Island University Study Uncovers Potential Threat to Gulf Shellfish

Published: March 17, 2015

Island University Study Uncovers Potential Threat to Gulf Shellfish

CORPUS CHRISTI, Texas – A new study from Texas A&M University-Corpus Christi has uncovered a problem in the estuarine waters along the Gulf coast of Texas that could potentially threaten local economies and even lead right back to your dinner plate.

Dr. Xinping Hu, Assistant Professor of Chemical Oceanography in the Department of Physical and Environmental Sciences at A&M-Corpus Christi, together with colleagues Drs. Jennifer Pollack, Paul Montagna, of the Department of Life Sciences, and the Harte Research Institute for Gulf of Mexico Studies, respectively, and graduate student Melissa McCutcheon, and former visiting student, Zhangxian Ouyang, examined four decades of alkalinity and pH data, which were collected and maintained by Texas Commission on Environmental Quality, from 27 Texas coastal bays, and discovered a steady acidification trend in the water.

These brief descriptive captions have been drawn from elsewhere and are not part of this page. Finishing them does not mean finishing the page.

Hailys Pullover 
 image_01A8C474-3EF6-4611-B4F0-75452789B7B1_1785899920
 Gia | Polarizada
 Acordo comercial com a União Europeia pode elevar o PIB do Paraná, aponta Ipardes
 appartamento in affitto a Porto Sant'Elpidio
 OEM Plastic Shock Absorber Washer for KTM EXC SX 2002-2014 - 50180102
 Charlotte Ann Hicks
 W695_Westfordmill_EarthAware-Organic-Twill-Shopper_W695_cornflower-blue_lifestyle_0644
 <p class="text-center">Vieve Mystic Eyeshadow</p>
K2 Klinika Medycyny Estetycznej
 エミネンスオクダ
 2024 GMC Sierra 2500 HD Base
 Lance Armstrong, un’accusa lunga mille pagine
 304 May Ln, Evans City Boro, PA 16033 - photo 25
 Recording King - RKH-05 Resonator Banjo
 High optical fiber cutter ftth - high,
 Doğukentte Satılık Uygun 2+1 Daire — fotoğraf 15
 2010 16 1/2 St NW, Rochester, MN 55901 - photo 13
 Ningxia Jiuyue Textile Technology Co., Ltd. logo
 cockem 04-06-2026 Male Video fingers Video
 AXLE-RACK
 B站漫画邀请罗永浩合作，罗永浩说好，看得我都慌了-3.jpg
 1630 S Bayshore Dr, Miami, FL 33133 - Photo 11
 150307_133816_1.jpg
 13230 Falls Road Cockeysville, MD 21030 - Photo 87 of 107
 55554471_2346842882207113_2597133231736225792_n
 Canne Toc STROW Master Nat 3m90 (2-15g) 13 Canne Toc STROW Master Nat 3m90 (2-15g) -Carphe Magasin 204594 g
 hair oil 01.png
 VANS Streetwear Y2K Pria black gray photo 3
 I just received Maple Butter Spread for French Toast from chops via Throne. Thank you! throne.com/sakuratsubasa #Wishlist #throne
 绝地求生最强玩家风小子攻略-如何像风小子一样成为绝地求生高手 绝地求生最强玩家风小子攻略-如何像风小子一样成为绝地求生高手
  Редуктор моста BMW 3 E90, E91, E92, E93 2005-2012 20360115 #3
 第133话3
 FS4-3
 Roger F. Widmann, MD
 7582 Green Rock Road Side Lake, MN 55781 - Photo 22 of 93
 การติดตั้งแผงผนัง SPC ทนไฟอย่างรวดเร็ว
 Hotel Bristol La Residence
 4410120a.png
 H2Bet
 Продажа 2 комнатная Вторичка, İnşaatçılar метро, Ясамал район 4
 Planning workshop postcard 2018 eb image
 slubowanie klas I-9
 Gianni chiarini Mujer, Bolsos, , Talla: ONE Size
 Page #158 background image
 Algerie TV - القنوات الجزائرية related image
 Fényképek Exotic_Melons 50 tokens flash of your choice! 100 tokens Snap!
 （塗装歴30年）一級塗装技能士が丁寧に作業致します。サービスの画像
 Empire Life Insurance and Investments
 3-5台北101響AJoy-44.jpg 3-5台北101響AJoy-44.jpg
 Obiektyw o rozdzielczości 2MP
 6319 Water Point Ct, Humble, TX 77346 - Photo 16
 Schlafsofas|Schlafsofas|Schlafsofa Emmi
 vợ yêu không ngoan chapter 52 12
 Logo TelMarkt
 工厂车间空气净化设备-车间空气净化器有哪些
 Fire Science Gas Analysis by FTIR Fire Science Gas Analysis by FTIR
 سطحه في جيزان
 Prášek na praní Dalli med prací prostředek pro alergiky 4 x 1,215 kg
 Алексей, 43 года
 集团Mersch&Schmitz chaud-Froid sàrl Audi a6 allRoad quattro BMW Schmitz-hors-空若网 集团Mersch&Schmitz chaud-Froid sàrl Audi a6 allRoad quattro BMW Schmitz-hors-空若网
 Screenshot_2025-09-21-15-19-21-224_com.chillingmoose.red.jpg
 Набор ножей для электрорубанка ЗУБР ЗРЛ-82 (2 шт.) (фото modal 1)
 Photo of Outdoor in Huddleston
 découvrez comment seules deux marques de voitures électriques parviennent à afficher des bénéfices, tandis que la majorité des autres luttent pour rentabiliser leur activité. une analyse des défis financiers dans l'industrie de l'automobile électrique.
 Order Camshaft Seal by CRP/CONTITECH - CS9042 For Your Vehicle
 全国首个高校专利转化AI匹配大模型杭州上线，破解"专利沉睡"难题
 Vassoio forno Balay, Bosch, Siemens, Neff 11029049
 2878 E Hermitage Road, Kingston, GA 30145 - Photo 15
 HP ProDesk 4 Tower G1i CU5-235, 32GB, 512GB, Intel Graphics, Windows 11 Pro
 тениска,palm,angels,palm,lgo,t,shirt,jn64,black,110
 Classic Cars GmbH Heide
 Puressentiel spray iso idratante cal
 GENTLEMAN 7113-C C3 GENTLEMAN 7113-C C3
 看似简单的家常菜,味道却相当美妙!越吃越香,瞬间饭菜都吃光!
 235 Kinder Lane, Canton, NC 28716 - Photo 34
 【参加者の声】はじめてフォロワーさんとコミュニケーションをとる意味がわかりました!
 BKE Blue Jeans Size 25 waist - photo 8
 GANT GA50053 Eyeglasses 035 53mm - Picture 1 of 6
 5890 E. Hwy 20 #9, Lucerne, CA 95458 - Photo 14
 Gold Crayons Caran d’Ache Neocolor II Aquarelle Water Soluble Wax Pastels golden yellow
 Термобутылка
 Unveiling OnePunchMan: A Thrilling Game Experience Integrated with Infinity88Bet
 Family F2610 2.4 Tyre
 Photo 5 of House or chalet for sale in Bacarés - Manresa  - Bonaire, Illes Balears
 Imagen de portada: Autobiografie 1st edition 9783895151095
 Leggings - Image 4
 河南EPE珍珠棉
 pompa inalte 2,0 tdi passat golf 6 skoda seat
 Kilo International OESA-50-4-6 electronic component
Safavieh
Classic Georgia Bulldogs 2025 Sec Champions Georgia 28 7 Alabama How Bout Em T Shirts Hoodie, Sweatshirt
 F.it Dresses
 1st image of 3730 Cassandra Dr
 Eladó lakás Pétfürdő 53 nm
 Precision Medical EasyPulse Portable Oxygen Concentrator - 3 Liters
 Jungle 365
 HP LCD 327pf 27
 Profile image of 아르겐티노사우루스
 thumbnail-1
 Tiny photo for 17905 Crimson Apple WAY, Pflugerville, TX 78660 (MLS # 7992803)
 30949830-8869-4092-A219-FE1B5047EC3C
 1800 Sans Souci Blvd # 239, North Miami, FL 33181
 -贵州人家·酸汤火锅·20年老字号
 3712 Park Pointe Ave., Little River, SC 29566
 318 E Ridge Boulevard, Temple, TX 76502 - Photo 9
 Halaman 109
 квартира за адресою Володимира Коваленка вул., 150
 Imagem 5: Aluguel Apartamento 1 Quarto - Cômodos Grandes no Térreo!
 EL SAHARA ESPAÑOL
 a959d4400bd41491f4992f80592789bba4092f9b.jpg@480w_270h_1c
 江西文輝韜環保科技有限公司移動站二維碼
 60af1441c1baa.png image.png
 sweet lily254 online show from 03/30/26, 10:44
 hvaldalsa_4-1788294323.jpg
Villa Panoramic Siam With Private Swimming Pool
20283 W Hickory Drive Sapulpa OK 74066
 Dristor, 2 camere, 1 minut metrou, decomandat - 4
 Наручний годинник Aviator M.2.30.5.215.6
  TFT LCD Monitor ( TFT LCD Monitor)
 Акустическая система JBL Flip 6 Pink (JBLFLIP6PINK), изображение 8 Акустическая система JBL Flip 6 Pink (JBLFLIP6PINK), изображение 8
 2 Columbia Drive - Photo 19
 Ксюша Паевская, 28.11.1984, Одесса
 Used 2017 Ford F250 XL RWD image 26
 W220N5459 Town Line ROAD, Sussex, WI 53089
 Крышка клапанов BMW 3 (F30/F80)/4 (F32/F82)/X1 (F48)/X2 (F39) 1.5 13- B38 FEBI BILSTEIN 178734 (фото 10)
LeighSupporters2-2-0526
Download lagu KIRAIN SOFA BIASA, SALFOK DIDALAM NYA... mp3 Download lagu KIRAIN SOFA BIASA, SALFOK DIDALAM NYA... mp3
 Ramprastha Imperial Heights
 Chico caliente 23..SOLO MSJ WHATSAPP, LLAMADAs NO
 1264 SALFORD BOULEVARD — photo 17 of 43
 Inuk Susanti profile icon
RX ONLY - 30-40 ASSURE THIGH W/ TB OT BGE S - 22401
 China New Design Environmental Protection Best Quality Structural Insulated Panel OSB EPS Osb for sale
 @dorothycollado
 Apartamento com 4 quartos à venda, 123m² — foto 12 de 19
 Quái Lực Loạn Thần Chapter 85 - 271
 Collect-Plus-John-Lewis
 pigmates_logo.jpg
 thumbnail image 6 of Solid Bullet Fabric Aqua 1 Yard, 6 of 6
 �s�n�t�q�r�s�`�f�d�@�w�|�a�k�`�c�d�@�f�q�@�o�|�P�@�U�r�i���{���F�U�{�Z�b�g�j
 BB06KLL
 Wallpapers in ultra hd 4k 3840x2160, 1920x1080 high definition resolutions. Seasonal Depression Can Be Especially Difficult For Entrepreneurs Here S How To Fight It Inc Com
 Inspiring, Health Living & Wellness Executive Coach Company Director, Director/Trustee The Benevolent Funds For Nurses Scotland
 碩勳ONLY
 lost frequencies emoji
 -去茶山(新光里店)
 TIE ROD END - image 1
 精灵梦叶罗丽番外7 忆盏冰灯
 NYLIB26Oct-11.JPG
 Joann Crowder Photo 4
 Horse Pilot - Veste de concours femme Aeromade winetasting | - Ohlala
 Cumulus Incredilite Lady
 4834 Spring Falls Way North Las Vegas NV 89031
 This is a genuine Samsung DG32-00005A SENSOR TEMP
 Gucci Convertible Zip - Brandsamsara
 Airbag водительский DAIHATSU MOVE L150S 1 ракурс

If you have ever owned a saltwater aquarium with corals and clams in, you know what a problem this can be. The aquarium needs steady supply of an alkaline material - literally baking soda, dissolved in water - to maintain healthy water chemistry for the corals to grow their skeletons and clams to grow their shells. Now, imagine it on the scale of hundreds of miles of coastline. The further south you go, the worse it gets. The alkalinity level decreases more, and shellfish could be the ultimate victims.

“Because a lot estuarine calcifying organisms such as oysters rely on the water alkalinity to make their shells, the reduced available alkalinity level could pose a potential threat to these organisms,” Hu said. “And the alkalinity level is positively correlated with water carbonate saturation state based on our ongoing study. Carbonate saturation state was recently verified to be the ultimate controlling factor on shellfish calcification, according to a recent report published in Nature Climate Change.”

Waters off the Gulf coast of Texas are home to countless oysters, clams, scallops, and other shellfish that the seafood industry catch for your favorite meals. As acidification harms these organisms and decreases their populations, it could become harder for growers and shellfish farmers to stay in business.  But perhaps more importantly, oysters, clams, scallops, and other shellfish provide benefits such as water filtration and coastal protection against storm surge. 

The study by Hu, which was recently published in Environmental Science and Technology, shows drought and the diverting of freshwater flowing down rivers and into bays could be the culprit, because many Texas rivers carry moderate to high levels of alkalinity and deliver it to the coastal ecosystems.  ­­

“This study is rather a broader scale data synthesis and we can only identify most likely causes to this problem,” he said. “Ongoing research is being conducted with more detailed studies that examine individual estuarine systems and what is needed to fully address this problem.”

The Texas Fresh Water Institute recognized the problem of fresh water diversion as far back as the late ‘70s.  As cities and towns grew, more and more water was taken off of rivers, streams, and lakes for residential and industrial use, along with increases in the use of ground water sources. As less fresh water made its way to the Gulf, it helped to create an imbalance.  The problem has been exacerbated by drought conditions in the past few years.

The information gathered from this new study will help researchers provide useful information to resource managers and policy makers to tackle the problem.

“There are still so many unknowns. For example, we do not know how much of a role groundwater plays in maintaining estuarine freshwater balance. But we do know we need to maintain sufficient environmental inflow from rivers, and this could be a challenge given current precipitation projections,” Hu said. 

As research continues, Hu advocates for programs like Sink Your Shucks, administered by Texas A&M University-Corpus Christi and led by Pollack, that replenish coastal bays with oyster shells recycled from restaurants. Other programs that restore estuarine reef using minerals such as limestone may be equally effective.

“The returned shells (carbonate) not only provide critical habitats for many marine species, including oysters, but they dissolve and that replenishes water alkalinity inventory,” he said.